As if the Coalition had not only been devastated in his heart and there was a reason for a pause, for reflection, for some indication that voters might have sent a message.
The amazing part of the story
In the western districts of Victoria, the former headquarters of Malcolm Fraser of Wannon, owned by Dan Tehan, has been faltering on the verge of being taken over by a young independent, Alex Dyson.
Psychologists predict that Tehan will eventually prevail, only.

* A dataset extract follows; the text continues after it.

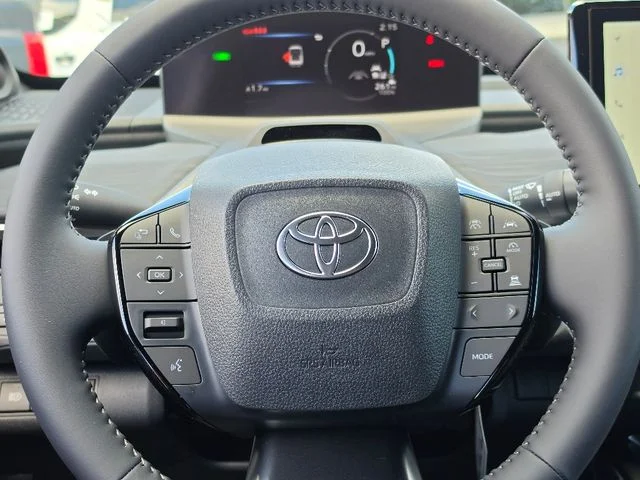 2026 Toyota C-HR XSE - Photo 9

If he does, it will be the only seat left of a former Liberal prime minister – other than the last incumbent – who has not been lost by the party.

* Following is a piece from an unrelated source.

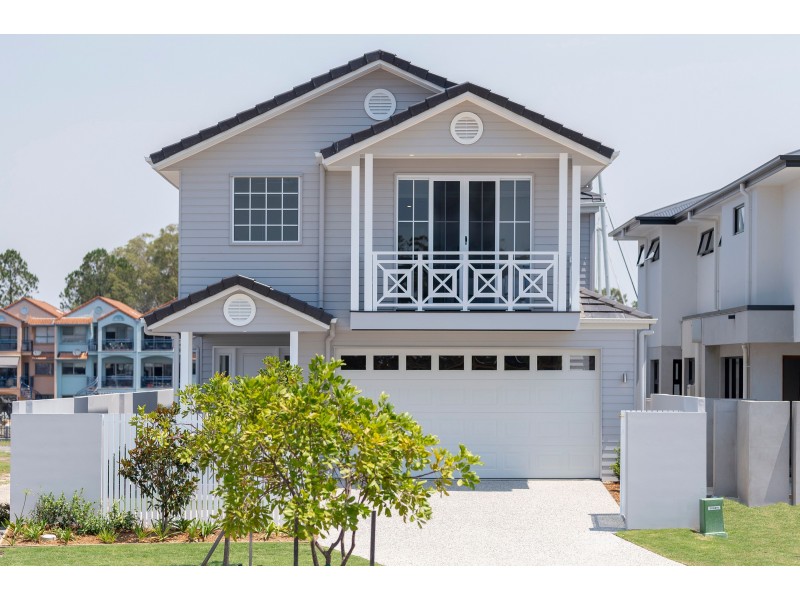 8949 The Point Circuit, Sanctuary Cove QLD 4212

The seats of Malcolm Turnbull, Tony Abbott, John Howard, Billy McMahon (same area, rebuilt electorate), John Gorton and Bob Menzies are now occupied by Labor or independents.

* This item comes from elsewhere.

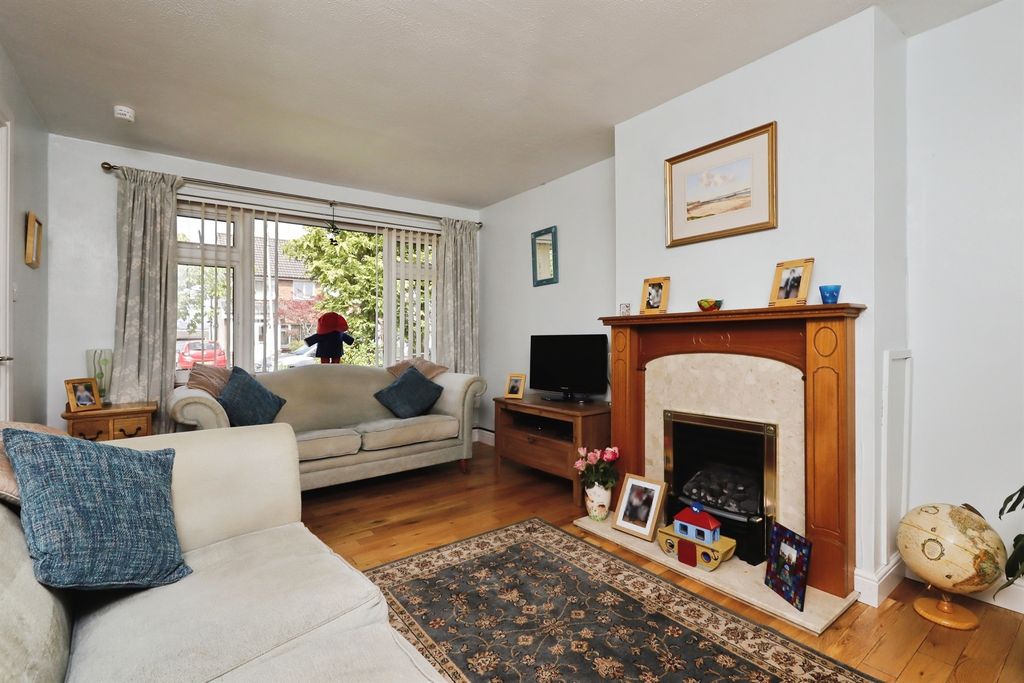 Property photo 3 of 16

The party has not only lost traditions. These are the votes of the people who once funded the party. These are the votes of people who are from the business world.
It seems that the Liberal Party is no longer the business party, but a group of voters that is difficult to clearly define in a large number of seats across the country, but not in the cities.
The focus on the “blue green” independents in last Saturday’s election as the most conspicuous indicators of how the poll has transformed Australian politics tends to overshadow all other things that happened that day.
Overall, the Coalition saw a 5.3% swing against it, according to ABC’s Antony Green: a change of more than 4.6% against Labor. in 2013 or against John Howard in 2007.
The surprising part of the story, though, is that the work didn’t gain anything in net terms from that. In fact, there was a marginal swing against Labor.
Great questions for seniors and freelancers
While the Labor vote languished, the Greens enjoyed 1.3 percent. The Coalition’s vote vanished amid a 10.4% change to independents (more than 1.3 million votes) – green or not – as well as Clive Palmer’s One Nation and United Australia Party .
Pauline Hanson’s party fielded candidates for seats across the country this time and won the majority of votes in the second center-right party. But often in the polls themselves, voters were stripping Labor and voting for the Greens.
Take the Cunningham seat in NSW. With a retiring Labor MP, Sharon Bird, eliminating any advantage of the incumbent, there was a 6.3% increase against Labor, 5.8% against the Liberal candidate, 6.3% from the Greens. 4.97% of the greens. A nation and a 1 percent swing at Palmer’s UAP.
Maybe that’s why the joy of Labor’s victory has been much quieter than in 2007.
The big parties are now facing big questions about how they are facing the wave of independents reflecting that people are getting back into politics, but focusing a lot on their local representative.
Equally, independents need to find a way to make sure that the high expectations built around what they can achieve can come true.
Laura Tingle is the chief political correspondent at 7.30am.
Space to play or pause, M to mute, left and right arrows to search, up and down arrows for volume. Clock time: 2 minutes 21 seconds 2 m 21 s The Prime Minister criticizes the Coalition for publishing a statement on an asylum seeker operation on election day.